Region's Unemployment Rate Falls
Economists Caution That Joblessness May Worsen Next Year

By V. Dion Haynes
Washington Post Staff Writer
Thursday, June 4, 2009

Despite a drop in metropolitan Washington's jobless rate, regional economists told business leaders yesterday that they expect unemployment to worsen next year before subsiding in 2011 with the creation of tens of thousands of new jobs.

Government data released yesterday show that the unemployment rate dropped from 5.9 percent in March to 5.6 percent in April, the second consecutive month it has decreased.
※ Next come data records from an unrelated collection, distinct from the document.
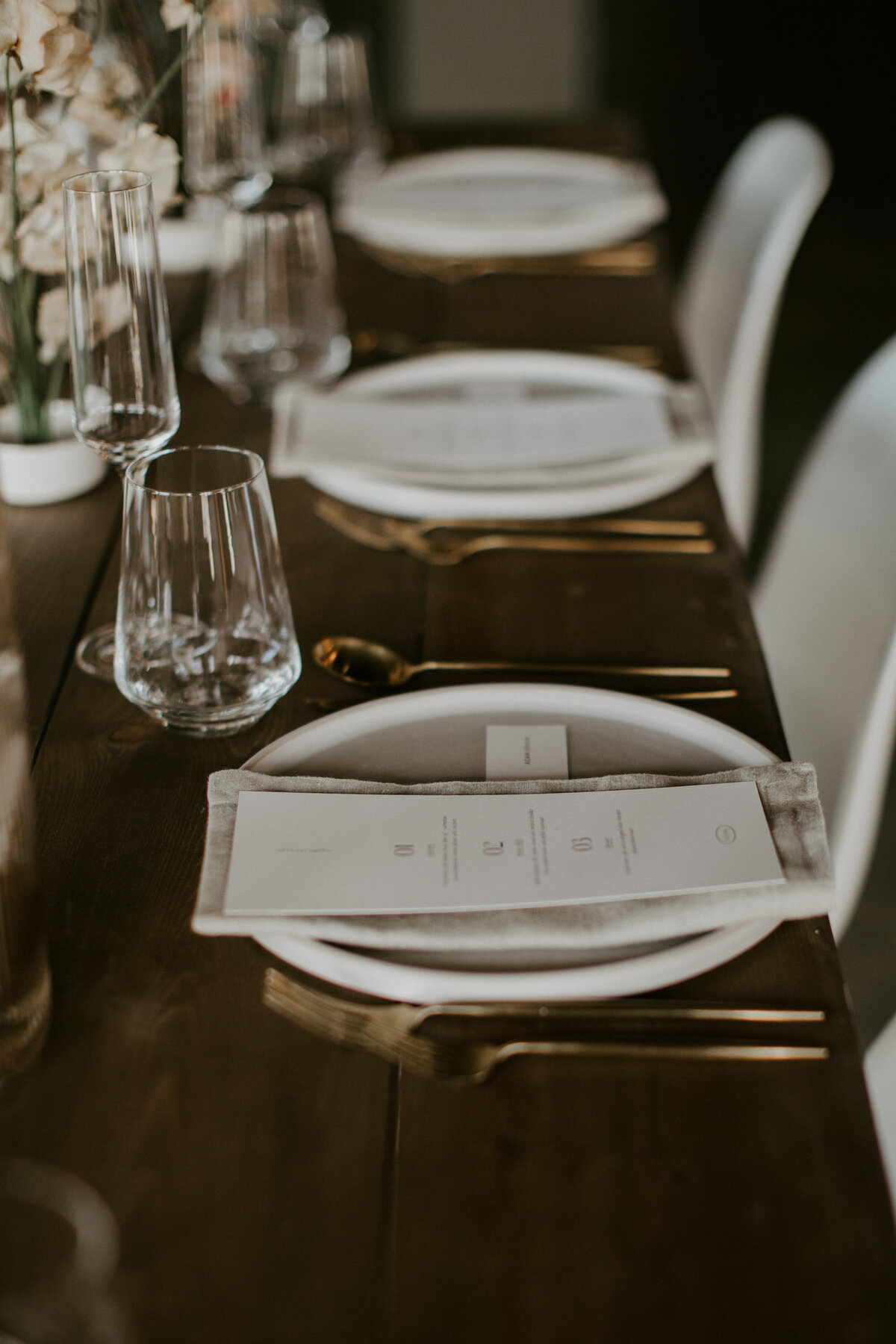 A white menu card with black font atop a linen napkin and white plate set on a wooden table with gold silverware and flowers.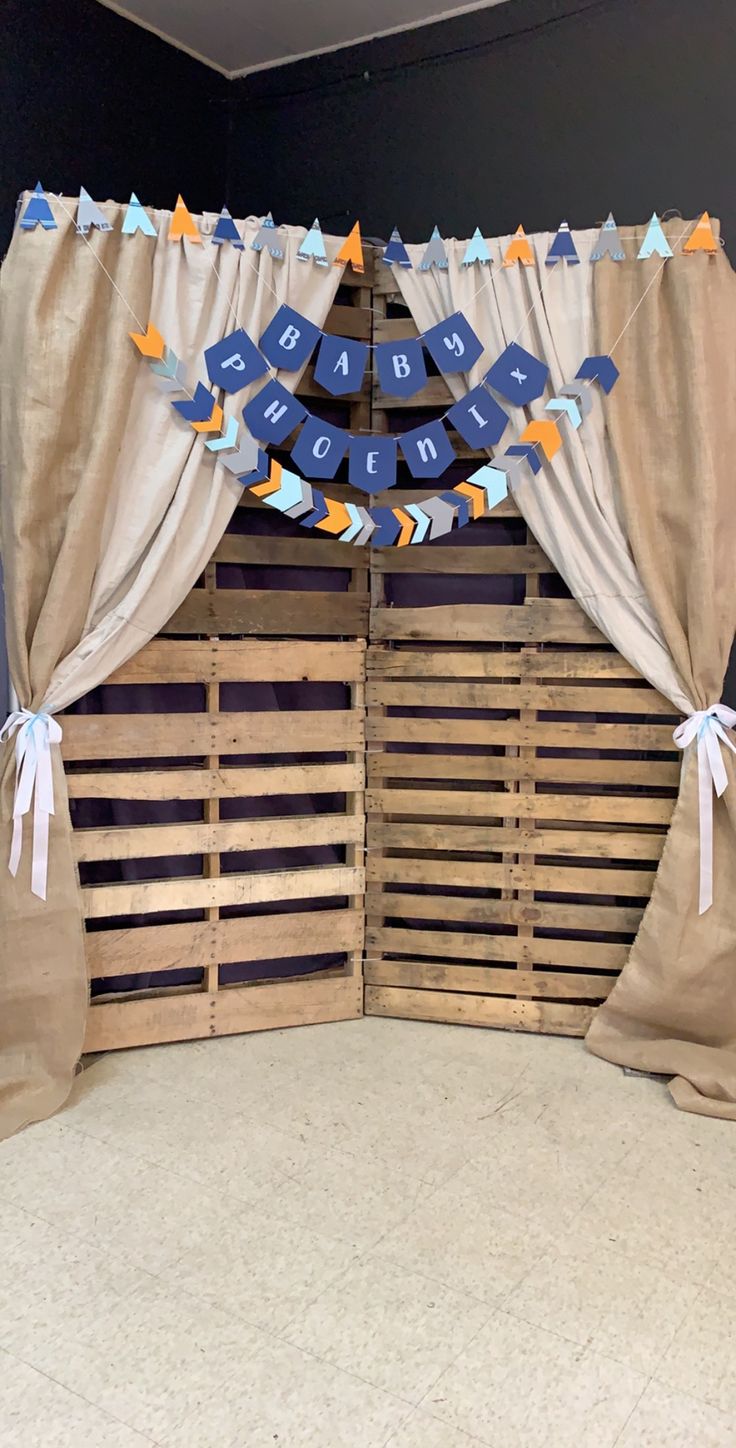 a room with some wooden pallets and curtains on the wall, decorated in blue and orange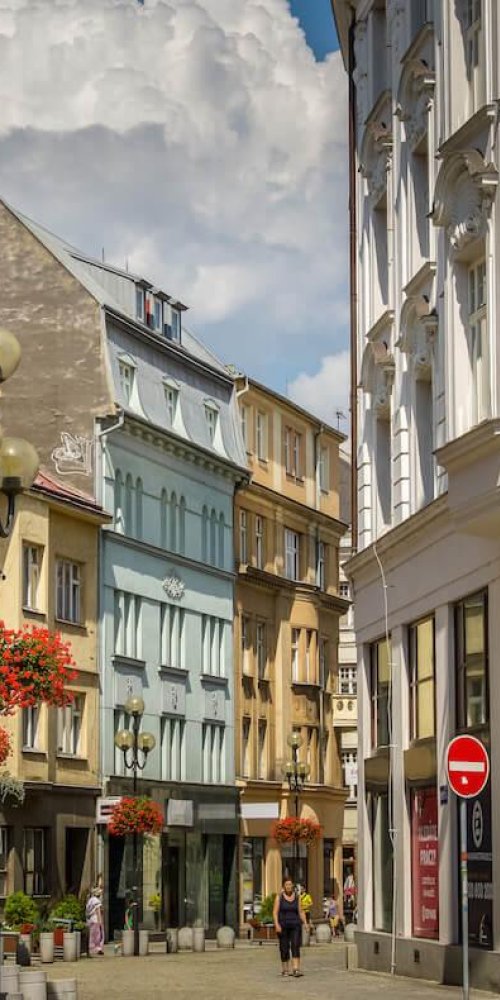 Passenger boarding tram in Ostrava with bright cityscape
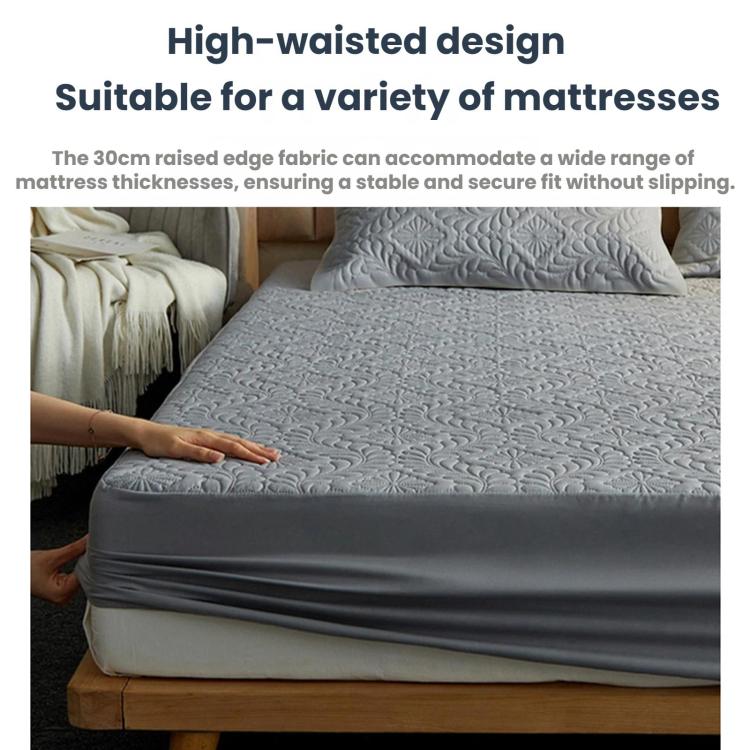 Waterproof fitted crib sheet with raised high-edge border for secure, snug mattress fit.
But analysts said they expect it to rise about 1.5 percentage points before recovery kicks in.

Because the number of employed people in the labor force is not rising, regional economist Stephen S. Fuller said April's decline is not an indication of recovery but suggests that more unemployed people are not being counted because they have become discouraged and either stopped looking for work or exhausted their jobless claims.

From April 2008 to April 2009, the region lost 30,300 jobs, including 13,000 in retail and 7,000 in leisure and hospitality, wiping out gains in the federal government, procurement, and health and education sectors.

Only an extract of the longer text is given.